In response to a question from a journalist at the meeting, as to why these vast quantities of coal at Medupi were not transported to the power stations which need it – thereby avoiding loadshedding – Mashego said that this was because “Exxaro didn’t have the capacity to move the coal” and because “the situation was not dire enough at the time”. Apparently the capacity was being used to send coal to Richards Bay for export at the time.
Under delivery from coal mines
Mashego blamed the coal shortage on certain of the mines’ inability to supply their contracted amounts to the power stations. While most of the mines are supplying between 95 and 97% of their contracted tonnage, he said, the utility’s five cost-plus mines are only supplying about 55% of their contracted quantities.

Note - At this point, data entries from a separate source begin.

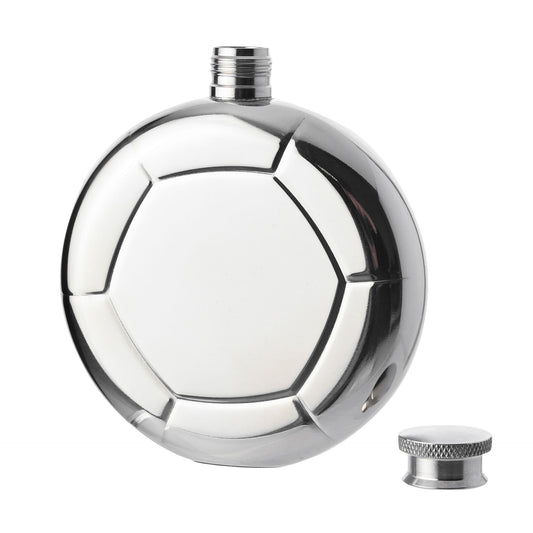 Harvey Makin Classic Hip Flask 5oz Mirror Polished - Football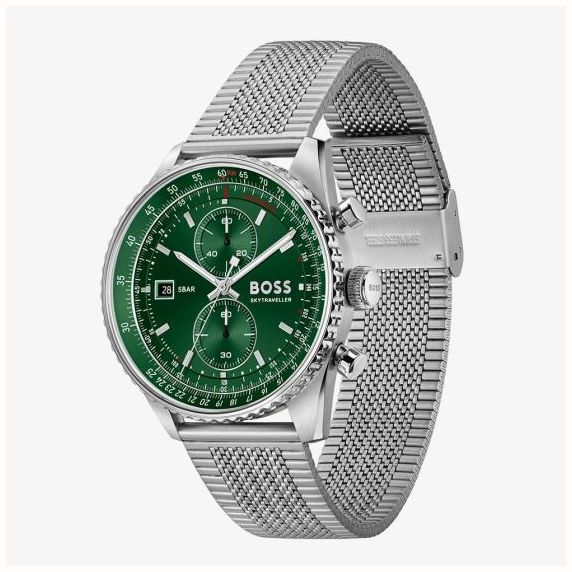 BOSS Mens Skytraveller Chronograph Green Dial Mesh Bracelet BOSS Watch 1514347 - vista alternativa 2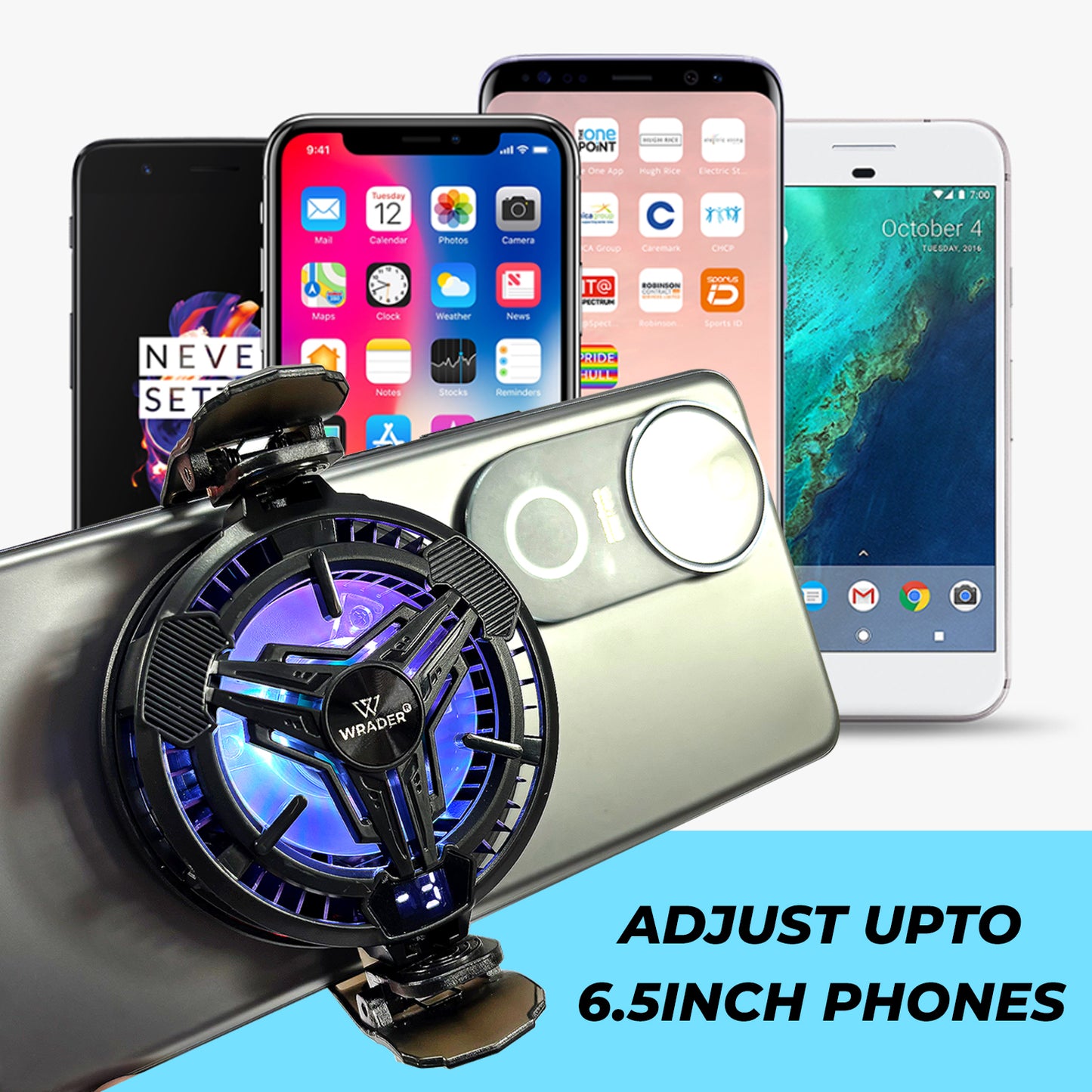 Wrader SL10 RGB Mobile Fan -3°C Cooling, Digital Display, Magnetic Mount, 2 Clips for Android
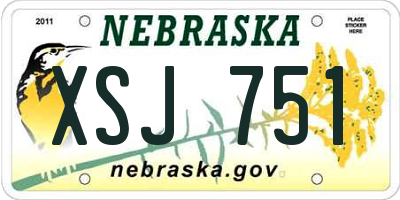 NE license plate XSJ751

According to Mashego, the coal shortages are the result of a combination of three coal mines going into business rescue; Tegeta short-delivering 8,5-million t of coal; and five cost-plus mines short-delivering because Eskom had not supplied them with the money they needed for necessary development. Instead, he added, the money was used to fund the over-budget and over-time new build projects. The reduced tonnage of coal from these mines equated to 15 days of stockholding. Eskom “had to rob Peter to pay Paul” to keep the power stations running, he said.
Road to rail
The power utility is working on a road-to-rail strategy with Transnet which should significantly reduce the amount of coal transported by road. Although Eskom is not responsible for the upkeep of the roads the trucks use (and damage), Mashego said, the power utility is aware of the inconvenience trucking coal by road causes to other road users. Furthermore, transporting coal by rail is cheaper than by road.
Regarding the financing of new coal mines and coal-fired power stations, the utility is aware, he said, that these are becoming more difficult to finance and that technological developments and changes in people’s attitudes toward coal will have an effect on the way in which Eskom generates electricity in the longer term, but denied that its existing – or new-build – power stations will become “stranded assets”.